Task inputs Start Marker

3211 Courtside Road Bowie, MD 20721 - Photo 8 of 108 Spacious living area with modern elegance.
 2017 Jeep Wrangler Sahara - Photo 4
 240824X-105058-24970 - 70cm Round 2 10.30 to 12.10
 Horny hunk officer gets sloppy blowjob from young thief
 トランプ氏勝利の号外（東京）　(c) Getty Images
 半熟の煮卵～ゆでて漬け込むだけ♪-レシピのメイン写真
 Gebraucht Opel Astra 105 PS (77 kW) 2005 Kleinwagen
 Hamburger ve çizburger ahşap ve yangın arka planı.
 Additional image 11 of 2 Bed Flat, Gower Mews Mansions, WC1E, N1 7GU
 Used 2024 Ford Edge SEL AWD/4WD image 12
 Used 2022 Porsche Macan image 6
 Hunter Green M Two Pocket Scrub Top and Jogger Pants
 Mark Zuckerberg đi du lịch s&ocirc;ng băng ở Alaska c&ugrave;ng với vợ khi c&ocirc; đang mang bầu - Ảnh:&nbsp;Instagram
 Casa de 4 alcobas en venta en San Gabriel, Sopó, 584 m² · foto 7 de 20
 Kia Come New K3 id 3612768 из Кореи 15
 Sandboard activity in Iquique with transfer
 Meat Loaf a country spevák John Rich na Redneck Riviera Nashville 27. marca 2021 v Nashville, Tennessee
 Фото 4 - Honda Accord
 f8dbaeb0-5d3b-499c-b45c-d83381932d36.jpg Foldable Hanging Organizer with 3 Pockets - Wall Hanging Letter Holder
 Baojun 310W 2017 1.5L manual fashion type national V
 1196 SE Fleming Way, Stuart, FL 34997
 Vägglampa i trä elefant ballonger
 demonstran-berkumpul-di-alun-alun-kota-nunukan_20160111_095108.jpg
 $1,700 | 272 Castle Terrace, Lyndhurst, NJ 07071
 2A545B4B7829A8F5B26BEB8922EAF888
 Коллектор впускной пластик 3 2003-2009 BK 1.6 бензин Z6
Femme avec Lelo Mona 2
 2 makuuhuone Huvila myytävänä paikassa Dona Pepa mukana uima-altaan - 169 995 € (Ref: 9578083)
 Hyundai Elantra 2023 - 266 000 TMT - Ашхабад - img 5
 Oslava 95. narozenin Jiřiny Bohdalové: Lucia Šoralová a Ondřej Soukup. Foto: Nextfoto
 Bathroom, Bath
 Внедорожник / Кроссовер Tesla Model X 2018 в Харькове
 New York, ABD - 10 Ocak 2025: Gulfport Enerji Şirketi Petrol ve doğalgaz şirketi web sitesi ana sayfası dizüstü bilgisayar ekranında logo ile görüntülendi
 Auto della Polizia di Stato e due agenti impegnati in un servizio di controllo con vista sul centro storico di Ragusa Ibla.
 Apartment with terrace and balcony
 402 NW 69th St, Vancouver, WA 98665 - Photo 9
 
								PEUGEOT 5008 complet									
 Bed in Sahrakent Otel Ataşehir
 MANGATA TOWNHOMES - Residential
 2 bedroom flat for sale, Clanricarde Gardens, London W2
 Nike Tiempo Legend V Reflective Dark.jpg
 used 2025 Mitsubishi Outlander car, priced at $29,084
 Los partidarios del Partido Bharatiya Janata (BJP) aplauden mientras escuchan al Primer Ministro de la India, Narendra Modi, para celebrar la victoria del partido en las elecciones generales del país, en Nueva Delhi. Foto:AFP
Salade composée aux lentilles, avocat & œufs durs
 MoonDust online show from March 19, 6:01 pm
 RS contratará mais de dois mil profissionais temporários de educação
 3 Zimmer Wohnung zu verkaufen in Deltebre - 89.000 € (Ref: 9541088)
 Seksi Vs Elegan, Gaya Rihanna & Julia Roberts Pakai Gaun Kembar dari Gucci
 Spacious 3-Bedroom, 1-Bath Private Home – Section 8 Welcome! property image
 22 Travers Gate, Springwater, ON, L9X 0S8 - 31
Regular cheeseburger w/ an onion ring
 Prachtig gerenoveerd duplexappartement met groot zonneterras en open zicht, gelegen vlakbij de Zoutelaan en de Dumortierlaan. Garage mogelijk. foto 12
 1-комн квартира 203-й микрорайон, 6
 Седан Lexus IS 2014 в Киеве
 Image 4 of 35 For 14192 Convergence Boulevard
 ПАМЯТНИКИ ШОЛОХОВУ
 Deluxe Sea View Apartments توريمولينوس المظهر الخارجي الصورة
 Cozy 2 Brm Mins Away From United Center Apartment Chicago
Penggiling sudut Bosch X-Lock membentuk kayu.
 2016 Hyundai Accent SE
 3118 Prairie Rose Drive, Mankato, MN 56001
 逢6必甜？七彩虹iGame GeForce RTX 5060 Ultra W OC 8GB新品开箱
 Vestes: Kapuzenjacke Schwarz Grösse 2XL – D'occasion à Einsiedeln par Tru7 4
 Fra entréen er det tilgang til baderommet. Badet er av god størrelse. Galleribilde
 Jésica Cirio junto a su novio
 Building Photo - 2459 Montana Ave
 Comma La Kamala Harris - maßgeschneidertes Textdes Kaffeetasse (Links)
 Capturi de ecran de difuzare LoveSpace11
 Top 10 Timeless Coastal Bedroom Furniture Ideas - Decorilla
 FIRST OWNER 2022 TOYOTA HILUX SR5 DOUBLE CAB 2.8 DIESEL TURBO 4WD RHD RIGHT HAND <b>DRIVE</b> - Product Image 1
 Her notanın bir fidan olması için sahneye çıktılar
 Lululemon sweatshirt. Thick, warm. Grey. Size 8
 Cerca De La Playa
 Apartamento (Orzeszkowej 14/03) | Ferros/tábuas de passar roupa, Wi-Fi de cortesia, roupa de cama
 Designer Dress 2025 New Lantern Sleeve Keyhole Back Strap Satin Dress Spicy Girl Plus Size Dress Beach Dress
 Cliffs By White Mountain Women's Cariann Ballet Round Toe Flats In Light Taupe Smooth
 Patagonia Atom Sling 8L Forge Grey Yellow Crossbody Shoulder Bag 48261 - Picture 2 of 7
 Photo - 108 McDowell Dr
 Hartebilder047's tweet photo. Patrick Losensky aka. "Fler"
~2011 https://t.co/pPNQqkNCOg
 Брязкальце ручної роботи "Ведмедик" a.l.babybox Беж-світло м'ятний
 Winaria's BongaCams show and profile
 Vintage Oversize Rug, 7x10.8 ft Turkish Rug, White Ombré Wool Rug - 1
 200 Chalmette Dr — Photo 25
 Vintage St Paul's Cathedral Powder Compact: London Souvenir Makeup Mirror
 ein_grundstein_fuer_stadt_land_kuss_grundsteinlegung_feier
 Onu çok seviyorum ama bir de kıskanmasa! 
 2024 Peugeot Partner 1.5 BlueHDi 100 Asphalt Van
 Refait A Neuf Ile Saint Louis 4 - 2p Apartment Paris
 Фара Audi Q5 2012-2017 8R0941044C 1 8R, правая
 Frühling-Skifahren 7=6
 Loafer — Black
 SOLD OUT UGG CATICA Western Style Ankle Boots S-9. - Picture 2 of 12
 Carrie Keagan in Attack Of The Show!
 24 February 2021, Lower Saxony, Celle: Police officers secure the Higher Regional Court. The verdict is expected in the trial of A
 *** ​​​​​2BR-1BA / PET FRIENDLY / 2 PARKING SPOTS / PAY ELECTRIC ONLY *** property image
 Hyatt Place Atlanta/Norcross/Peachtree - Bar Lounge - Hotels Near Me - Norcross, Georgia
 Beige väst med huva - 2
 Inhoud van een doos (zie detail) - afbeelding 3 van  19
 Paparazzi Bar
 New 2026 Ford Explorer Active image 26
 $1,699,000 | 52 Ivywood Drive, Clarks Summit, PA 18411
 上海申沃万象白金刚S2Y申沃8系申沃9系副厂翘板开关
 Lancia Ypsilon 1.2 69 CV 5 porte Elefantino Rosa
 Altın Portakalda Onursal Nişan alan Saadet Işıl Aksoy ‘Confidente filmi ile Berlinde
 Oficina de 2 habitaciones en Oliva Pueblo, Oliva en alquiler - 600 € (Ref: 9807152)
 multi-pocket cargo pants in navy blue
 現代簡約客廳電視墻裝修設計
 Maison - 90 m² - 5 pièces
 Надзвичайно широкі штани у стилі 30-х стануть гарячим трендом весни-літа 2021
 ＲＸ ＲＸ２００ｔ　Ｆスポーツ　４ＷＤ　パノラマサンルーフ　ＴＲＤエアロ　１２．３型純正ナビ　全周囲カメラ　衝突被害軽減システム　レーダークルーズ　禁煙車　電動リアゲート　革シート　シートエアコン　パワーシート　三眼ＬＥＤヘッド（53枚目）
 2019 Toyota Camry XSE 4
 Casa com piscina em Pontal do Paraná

Task inputs End Marker

What you will do. The lines you need are those with the word "White"; list them from the entries.

Answer section.
 Cliffs By White Mountain Women's Cariann Ballet Round Toe Flats In Light Taupe Smooth
 Vintage Oversize Rug, 7x10.8 ft Turkish Rug, White Ombré Wool Rug - 1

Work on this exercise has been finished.